Aku lagi rebahan sembari berselancar ke media sosial. Memang, bisa sampai lupa waktu. Seakan hanyut terlena melihat berbagai konten. Kadang ada yang lucu membuatku terpingkal-pingkal, pastinya juga tak lupa melihat berita kekinian yang lagi viral. Keseruan para artis, ataupun netizen yang nyinyir saling adu argumen.
Tak lama berselang terdengar derit pintu berbunyi. Pintu rumah kami memang sudah mulai lapuk. Engsel karatan serta pintunya sudah merosot ke bawah. Gesekan itu pun membuat berat ketika dibuka dan tutup. Rumah berukuran enam kali sembilan meter tanpa halaman belakang inilah peninggalan dari mendiang bapak. Hanya memiliki satu kamar dengan perabotan rumah yang seadanya. Padahal katanya kakekku orang kaya, masak sih, bapakku tidak kecipratan, entahlah. Aku masih kecil ketika itu dan belum paham mengenai cerita detailnya.

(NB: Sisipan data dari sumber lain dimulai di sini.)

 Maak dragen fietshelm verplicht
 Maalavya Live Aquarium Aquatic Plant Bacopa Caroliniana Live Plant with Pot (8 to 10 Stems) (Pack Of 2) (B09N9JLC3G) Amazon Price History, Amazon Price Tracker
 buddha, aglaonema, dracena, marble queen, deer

Itu pasti Mak yang pulang dari bekerja. Aku berhenti bermain Handphone. Mak memang berangkat pagi dan pulang ketika selesai azan Asar. Ia bekerja berkeliling di beberapa rumah tetangga. Mengambil upah mencuci dan setrika ke rumah-rumah. Mak pun masuk ke kamar dan memperhatikanku dengan menghela napas. Ia memegang belakang pinggang. Mungkin lelah kelamaan duduk.
Mak duduk di sisi ranjang, merogoh saku dan mengeluarkan ponsel kecil jadul miliknya ia letakkan di atas ranjang.

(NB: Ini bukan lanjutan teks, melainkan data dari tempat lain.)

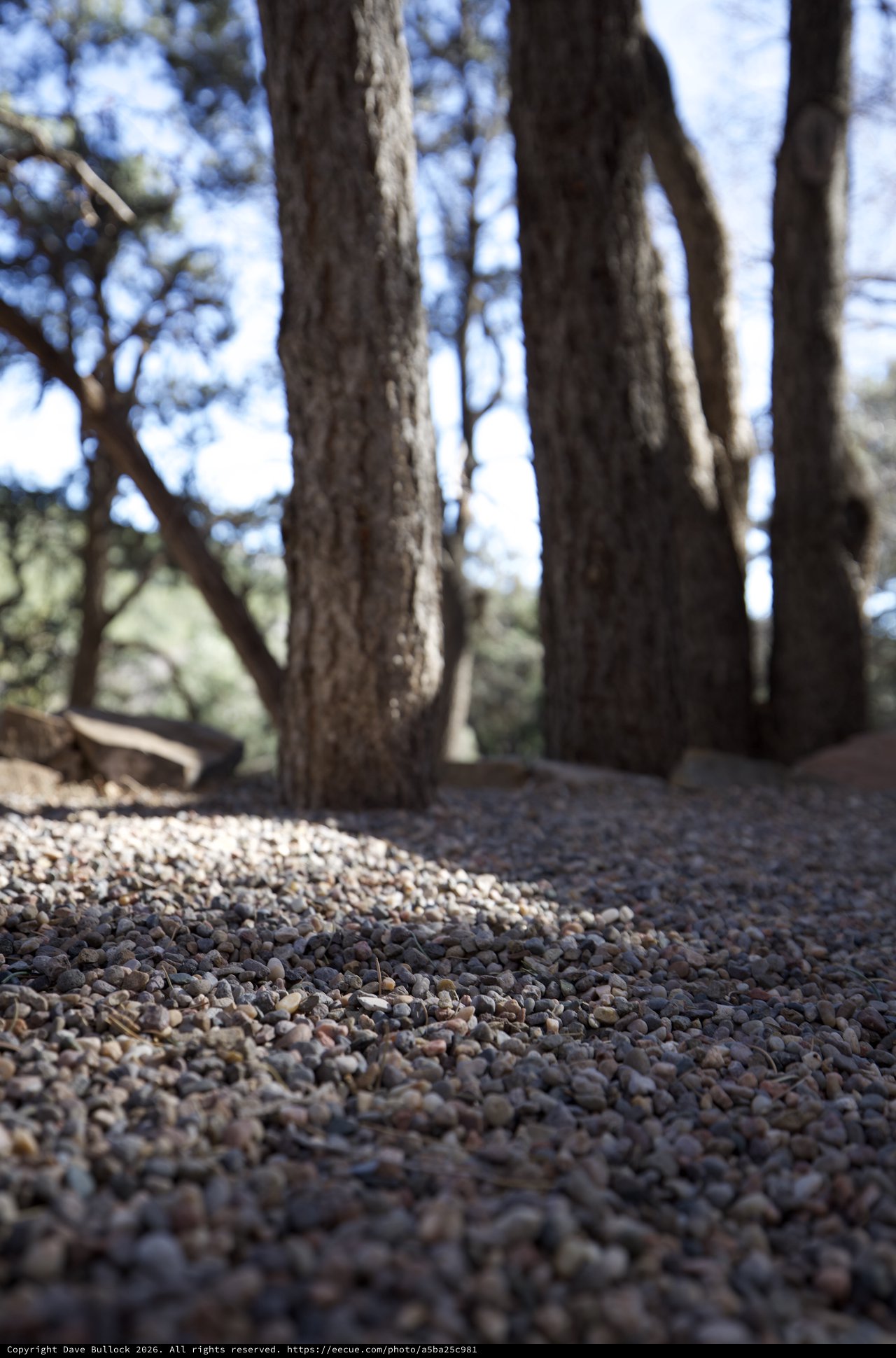 Forest Path with Gravel Trail Through Tree Trunks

"Tadi, Pak Lek Tiok dan Bu Lek Marnimu nelpon, trus, katanya bulan depan tanggal lima belas si Diah mau nikah, jadi kita tiga hari sebelum hari-H suruh ke sana," ucapnya memberitahu.

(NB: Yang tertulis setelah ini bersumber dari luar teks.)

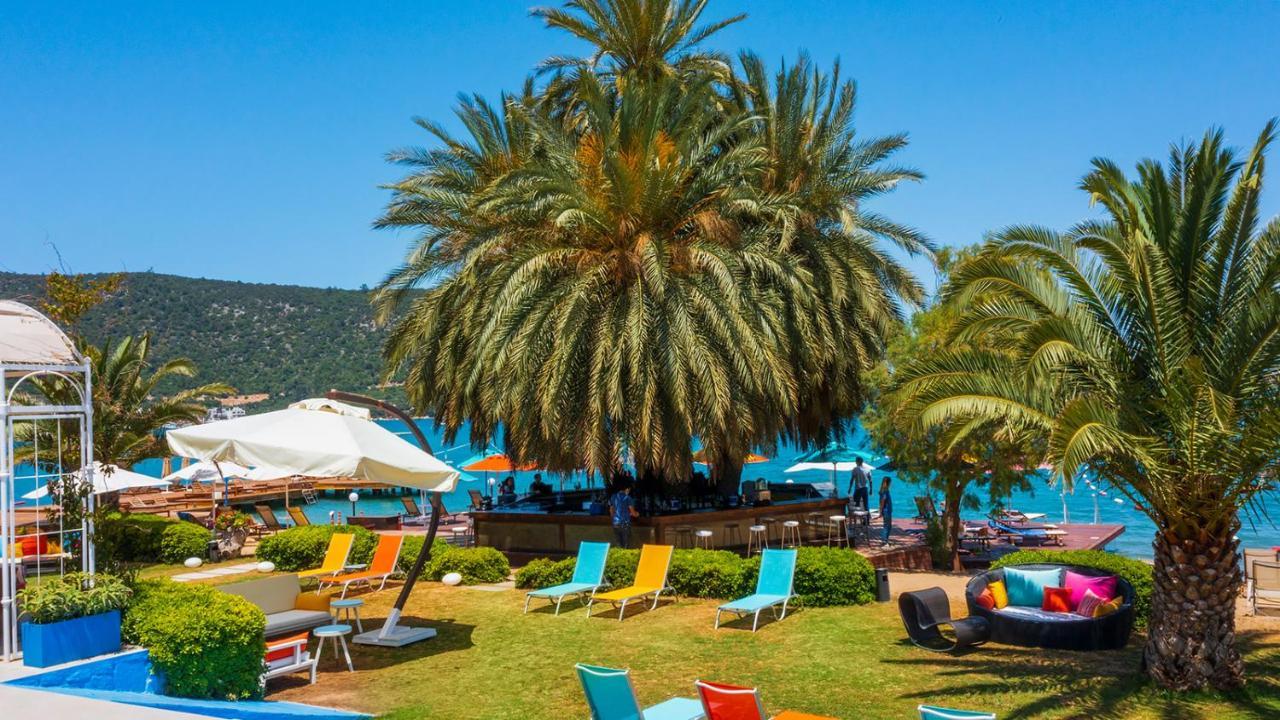 Toka Bodrum Hotel & Beach Club Kültér fotó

Mak menyeka peluh di pelipis yang mulai dipenuhi kerutan. Wajah itu terlihat lebih tua dari pada usianya. Bahkan dibanding Bu Lek Marni---kakak iparnya pasti ia kelihatan lebih tua. Tentunya jelas berbeda antara yang perawatan dan yang tidak.
"Tumben." Aku menanggapi dengan kembali fokus ke layar ponsel yang tadi menggelap. "Dapat orang mana, Mak?" tanyaku penasaran.
Diah adalah sepupuku dari sebelah bapak. Anak dari Abang bapak yang sulung. Bapak memiliki dua saudara yang semuanya laki-laki. Bapakku yang bungsu. Kedua abang bapak memang hidupnya lebih mapan dan tinggal di kota. Â
"Seorang pengusaha katanya, orang berada juga," jawab Mak dengan mata menerawang, entah apa yang beliau khayalkan.
"Udah butuh baru ingat ngabarin," ujarku ketus dengan memajukan bibir.
"Hush, maksudnya?" Kening Mak mengeryit.